A huge handmade progress bar
We’re all used to have everything digital nowadays. Onenote, Outlook, Notepad++, whatever-tool-to-take-notes-not-in-paper. We also have all the tools in place for a proper project management, from Microsoft Project to JIRA, Asana, whatever-tool-to-make-sure-your-project-is-successful. It’s a digital world and there’s no need to run from it. It’s good. However, there’s something all these tools cannot give: the sense of reality. Really see the finish line.
What does this have to do with a progress bar? Well, I’m an old school guy. I like paper books rather than PDF. I spent more than a decade learning in chopstick boards (we all did?). And the first years of your life are spent drawing things.
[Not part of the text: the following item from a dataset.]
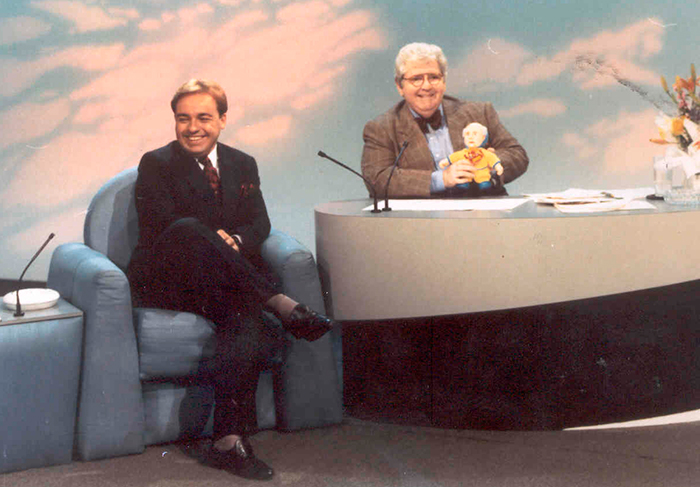 Gugu sendo entrevistado por Jô Soares em 1991, no SBT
So, I’m one of those that religiously believe that the first step of a task is always either a whiteboard or a blank piece of paper. The great news is that I have the privilege of working in a place where almost every wall is available to write. So, we draw a lot.
In the past months we were “under water” with milestones to hit. Our attention was starting to get scattered. “What needs to go to production when? What does JIRA say?” Argh, this is hard. Hum, drawing boards…
And magic happened. We decided to draw a progress bar on one of the walls next to the team (the little man walking the progress bar is actually a funny remark to a contest, “Right Price”). A small thing that made a huge difference. Everyone sees it when they arrive. Everyone knows when they leave. Everyone understands the weight of it. Everyone is focused on our progress. When someone comes to our team with a feature request we can quickly give visibility of “can or can’t do”. We even get creative around it.
So, the wall behind me is now a huge handmade progress bar that we updated everyday. It’s a small detail but for me makes a huge difference.